Ownership of the Processes Involved
For many assets condition monitoring is a thankless task in which staff are asked to monitor various attributes related to the asset without ever seeing where their data goes or without knowing what the data is collected for. This is very common where maintenance staff complete the condition monitoring on large passive assets such as canals, dams and major pipelines.
It is vitally important that staff understand the reason for these activities and see the feedback from the systems that is used to analyze and monitor the assets concerned. It is more important where the assets may have a critical failure mode and have a high consequence of failure.
Example — Baldwin Hills Dam (USA)
An example of this is the Baldwin Hills dam failure in Los Angeles.

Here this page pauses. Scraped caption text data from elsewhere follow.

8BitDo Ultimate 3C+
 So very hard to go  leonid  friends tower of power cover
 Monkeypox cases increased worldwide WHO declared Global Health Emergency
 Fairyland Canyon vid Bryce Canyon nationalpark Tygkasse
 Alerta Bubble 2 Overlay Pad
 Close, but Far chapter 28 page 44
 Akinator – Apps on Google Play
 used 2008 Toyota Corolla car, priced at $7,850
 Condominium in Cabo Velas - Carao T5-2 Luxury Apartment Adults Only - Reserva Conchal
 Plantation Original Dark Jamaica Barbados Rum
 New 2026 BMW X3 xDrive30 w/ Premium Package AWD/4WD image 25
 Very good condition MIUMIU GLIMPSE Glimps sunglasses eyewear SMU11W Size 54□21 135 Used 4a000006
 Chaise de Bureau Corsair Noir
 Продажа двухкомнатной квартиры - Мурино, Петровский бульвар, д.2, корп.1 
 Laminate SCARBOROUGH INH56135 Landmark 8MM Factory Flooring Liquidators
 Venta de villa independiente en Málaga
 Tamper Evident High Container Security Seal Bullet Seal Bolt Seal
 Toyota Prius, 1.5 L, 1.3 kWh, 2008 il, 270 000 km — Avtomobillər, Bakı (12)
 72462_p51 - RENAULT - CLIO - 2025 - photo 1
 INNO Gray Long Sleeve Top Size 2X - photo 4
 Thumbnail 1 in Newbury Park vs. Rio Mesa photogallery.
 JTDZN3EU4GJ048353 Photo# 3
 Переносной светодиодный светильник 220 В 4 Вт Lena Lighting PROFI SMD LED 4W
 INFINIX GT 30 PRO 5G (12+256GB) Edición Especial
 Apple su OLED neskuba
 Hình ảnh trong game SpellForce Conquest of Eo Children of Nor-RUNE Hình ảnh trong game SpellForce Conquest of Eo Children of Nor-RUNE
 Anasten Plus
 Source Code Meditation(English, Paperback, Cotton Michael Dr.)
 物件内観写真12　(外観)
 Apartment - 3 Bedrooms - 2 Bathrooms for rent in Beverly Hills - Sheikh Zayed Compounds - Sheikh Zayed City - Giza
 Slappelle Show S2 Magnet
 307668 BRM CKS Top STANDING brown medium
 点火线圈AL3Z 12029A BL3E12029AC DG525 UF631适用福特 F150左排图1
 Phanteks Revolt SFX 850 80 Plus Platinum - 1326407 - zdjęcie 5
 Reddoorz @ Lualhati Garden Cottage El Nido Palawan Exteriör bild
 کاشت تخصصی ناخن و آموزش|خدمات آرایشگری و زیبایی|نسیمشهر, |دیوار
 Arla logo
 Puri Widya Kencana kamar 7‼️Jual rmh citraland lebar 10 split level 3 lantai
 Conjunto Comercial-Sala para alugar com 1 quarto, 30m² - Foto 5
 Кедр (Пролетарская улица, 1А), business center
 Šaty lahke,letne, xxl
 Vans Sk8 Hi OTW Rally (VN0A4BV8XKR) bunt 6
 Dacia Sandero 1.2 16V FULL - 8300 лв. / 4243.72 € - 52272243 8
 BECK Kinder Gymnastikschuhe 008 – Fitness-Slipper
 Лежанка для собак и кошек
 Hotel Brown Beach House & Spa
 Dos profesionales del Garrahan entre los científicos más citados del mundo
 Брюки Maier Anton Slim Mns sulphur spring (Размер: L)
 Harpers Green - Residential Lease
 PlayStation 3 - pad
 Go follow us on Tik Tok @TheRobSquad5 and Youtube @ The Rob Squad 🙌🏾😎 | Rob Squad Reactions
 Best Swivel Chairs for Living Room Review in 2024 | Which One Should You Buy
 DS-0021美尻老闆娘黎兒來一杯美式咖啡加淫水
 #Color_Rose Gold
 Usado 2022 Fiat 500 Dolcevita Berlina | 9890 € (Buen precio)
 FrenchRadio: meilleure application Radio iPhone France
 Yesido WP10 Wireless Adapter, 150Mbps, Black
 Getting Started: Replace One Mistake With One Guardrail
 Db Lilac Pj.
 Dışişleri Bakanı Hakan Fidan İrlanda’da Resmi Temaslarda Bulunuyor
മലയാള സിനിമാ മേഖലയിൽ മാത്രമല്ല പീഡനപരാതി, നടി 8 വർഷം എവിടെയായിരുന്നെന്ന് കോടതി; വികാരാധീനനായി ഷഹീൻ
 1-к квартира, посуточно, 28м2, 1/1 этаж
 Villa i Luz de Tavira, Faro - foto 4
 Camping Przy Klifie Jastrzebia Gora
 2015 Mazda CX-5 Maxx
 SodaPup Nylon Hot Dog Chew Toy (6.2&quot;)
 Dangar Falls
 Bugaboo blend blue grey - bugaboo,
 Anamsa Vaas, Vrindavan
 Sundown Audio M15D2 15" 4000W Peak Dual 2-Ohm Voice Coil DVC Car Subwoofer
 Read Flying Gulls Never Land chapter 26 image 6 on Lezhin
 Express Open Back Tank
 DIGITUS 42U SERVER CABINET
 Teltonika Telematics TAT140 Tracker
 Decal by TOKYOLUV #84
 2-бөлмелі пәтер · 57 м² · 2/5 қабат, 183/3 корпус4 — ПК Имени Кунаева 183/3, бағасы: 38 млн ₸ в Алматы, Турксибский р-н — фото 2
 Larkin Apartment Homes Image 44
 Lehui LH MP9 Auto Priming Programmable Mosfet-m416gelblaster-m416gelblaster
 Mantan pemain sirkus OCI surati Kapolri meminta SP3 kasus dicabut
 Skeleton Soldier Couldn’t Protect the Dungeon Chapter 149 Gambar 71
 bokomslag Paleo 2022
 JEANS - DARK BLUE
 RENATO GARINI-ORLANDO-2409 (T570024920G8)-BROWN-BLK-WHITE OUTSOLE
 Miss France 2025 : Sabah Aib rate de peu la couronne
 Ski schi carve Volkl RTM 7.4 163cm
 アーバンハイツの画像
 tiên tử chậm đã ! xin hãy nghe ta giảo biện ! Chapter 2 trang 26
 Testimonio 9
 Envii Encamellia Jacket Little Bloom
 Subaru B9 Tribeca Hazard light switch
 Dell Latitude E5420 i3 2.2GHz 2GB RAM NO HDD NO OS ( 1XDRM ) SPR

In this example the Dam Superintendent had for many years recorded toe drain water volumes and flows and completed all the piezometer readings.
One day in 1982 he noted high flows in the toe drain system. He immediately tried to contact the head office staff who were responsible for dam safety but due to illness and other work related reasons he was unable to make contact with them. Because he understood the reasons behind why he had been doing this condition monitoring and the implications of the changes he was witnessing he took responsibility for ringing the local Emergency Services who commenced the process of evacuating people from the densely populated areas downstream of the dam. When the dam finally piped and collapsed some 3 hours later only 3 human lives were lost and it is estimated that the actions of the Superintendent resulted in the saving of some 5 000 lives.
As our corporate structures flatten and we devolve responsibility to lower and lower levels of staff, managers must ensure that these staff are aware of the overall processes in which they may play only a small but critically integral part.